Last week, our team hit a nasty incident: the order system produced duplicates — the same order caused stock to be decremented twice. After tracing the logs, we found that two service instances had processed the same request within under 50ms, both reading the inventory count before the other had time to write to the DB. Classic race condition in a microservices environment.

The solution we ultimately chose is Redis Distributed Lock — simple, effective, and it’s been running stably ever since. This post documents the implementation for future reference by the team.

What Does a Race Condition Look Like in Microservices?

Picture this: you have an API endpoint /api/orders/create and a load balancer distributing requests across 3 instances. A customer double-clicks the “Place Order” button — two requests hit two different instances almost simultaneously. Both start executing the inventory check logic at the exact same moment:

# Both Instance A and Instance B run this code almost simultaneously
stock = db.query("SELECT stock FROM products WHERE id = ?", product_id)
if stock > 0:
    db.execute("UPDATE products SET stock = stock - 1 WHERE id = ?", product_id)
    create_order(product_id, user_id)

Instance A reads stock = 1, Instance B also reads stock = 1. Both see “in stock”, both create an order. Result: stock = -1 and the customer receives 2 order confirmations for a single item.

On a single server, database transactions + row locking handle this just fine. But with multiple services, multiple instances, spread across multiple servers — you need a locking mechanism at a higher layer. That’s where Distributed Lock comes in.

How Does Redis Distributed Lock Work?

Before processing a critical operation, a service must “acquire” a lock key in Redis. If acquired, it proceeds and releases when done. If it can’t acquire — because another instance holds it — it waits or retries. Simple in concept, but the elegance lies in Redis guaranteeing this acquisition step is completely atomic.

Redis provides the SET NX PX command to accomplish this:

# SET key value NX PX milliseconds
# NX = only set if the key does not exist
# PX = TTL in milliseconds

SET order:lock:product-123 "unique-token-abc" NX PX 5000
# Returns OK if the lock was acquired
# Returns nil if the key already exists (another service holds the lock)

This command is atomic — even if 100 instances call it simultaneously, exactly 1 will succeed in setting the value. This is the critical difference from a check-then-set approach using two separate commands: the gap between those two commands is precisely where race conditions slip through.

TTL is not optional — it’s what prevents the system from deadlocking permanently. If a service crashes immediately after acquiring a lock without releasing it, Redis automatically deletes the lock after the preset duration. Without TTL, a dead service could paralyze the entire pipeline.
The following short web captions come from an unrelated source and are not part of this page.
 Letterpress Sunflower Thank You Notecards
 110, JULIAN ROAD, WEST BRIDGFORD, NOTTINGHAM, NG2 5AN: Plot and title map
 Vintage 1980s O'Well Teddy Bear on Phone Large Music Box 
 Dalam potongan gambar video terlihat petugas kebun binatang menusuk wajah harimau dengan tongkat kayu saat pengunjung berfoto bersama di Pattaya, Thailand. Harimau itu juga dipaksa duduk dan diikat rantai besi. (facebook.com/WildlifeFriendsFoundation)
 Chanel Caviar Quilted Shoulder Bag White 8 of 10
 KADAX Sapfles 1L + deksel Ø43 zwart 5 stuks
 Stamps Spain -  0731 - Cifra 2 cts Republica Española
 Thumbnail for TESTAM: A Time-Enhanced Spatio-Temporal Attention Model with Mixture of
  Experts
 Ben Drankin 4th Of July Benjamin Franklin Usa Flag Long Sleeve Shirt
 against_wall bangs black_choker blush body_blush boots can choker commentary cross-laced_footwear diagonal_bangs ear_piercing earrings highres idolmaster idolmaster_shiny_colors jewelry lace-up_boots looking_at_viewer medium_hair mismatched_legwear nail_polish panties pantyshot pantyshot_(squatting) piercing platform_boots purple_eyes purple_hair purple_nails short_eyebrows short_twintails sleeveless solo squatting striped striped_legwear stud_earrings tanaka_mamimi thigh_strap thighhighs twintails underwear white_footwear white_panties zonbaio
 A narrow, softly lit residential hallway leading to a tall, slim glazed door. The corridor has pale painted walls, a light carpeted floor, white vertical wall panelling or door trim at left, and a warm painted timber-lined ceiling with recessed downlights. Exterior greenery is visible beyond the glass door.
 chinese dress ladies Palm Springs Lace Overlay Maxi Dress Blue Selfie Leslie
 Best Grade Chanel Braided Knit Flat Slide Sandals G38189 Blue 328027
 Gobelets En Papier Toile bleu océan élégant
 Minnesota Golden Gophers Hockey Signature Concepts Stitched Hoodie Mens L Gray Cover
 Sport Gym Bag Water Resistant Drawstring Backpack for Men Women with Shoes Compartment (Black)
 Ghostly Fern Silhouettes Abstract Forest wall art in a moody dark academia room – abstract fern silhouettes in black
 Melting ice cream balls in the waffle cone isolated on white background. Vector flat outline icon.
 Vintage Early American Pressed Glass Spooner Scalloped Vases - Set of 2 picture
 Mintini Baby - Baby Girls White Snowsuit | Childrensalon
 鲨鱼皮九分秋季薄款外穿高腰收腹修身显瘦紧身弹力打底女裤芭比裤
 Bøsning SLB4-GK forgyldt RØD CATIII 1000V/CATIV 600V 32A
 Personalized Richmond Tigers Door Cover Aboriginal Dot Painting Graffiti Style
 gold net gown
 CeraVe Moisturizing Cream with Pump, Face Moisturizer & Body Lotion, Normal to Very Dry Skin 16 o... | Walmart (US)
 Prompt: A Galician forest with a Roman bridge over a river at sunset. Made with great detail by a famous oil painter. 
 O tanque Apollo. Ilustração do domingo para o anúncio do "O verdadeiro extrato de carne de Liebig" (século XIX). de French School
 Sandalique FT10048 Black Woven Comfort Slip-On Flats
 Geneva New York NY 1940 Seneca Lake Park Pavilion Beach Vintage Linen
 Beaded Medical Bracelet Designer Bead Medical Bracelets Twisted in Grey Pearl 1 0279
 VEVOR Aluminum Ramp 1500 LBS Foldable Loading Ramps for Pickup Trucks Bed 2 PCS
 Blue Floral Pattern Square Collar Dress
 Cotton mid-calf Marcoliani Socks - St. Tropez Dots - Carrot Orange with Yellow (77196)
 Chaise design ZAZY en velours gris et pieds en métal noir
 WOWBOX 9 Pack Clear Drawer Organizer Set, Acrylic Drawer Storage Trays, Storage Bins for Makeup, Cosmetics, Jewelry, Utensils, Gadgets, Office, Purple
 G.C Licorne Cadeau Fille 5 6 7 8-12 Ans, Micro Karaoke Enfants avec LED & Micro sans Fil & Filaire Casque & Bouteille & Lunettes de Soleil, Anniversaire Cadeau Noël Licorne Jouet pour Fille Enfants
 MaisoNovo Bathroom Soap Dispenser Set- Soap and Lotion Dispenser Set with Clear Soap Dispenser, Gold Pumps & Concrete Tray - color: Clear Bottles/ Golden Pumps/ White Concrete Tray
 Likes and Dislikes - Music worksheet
Implementing Redis Distributed Lock with Python

Installation

pip install redis

RedisLock Class

import redis
import uuid
import time

class RedisLock:
    def __init__(self, redis_client: redis.Redis, lock_key: str, ttl: int = 5000):
        self.redis = redis_client
        self.lock_key = lock_key
        self.ttl = ttl  # milliseconds
        self.token = str(uuid.uuid4())  # unique token per lock instance

    def acquire(self, retry: int = 3, retry_delay: float = 0.1) -> bool:
        for attempt in range(retry):
            result = self.redis.set(
                self.lock_key,
                self.token,
                nx=True,
                px=self.ttl
            )
            if result:
                return True
            if attempt < retry - 1:
                time.sleep(retry_delay)
        return False

    def release(self):
        # Lua script ensures we only release our own lock
        lua_script = """
        if redis.call("get", KEYS[1]) == ARGV[1] then
            return redis.call("del", KEYS[1])
        else
            return 0
        end
        """
        self.redis.eval(lua_script, 1, self.lock_key, self.token)

    def __enter__(self):
        if not self.acquire():
            raise RuntimeError(f"Failed to acquire lock: {self.lock_key}")
        return self

    def __exit__(self, *args):
        self.release()

We use a Lua script to release the lock instead of calling DEL directly, for a specific reason: if the lock happens to expire right as you’re about to delete it, and another instance has already acquired a new lock, you must not delete theirs. The script checks the token before deleting — atomic, with no gap for race conditions to slip through.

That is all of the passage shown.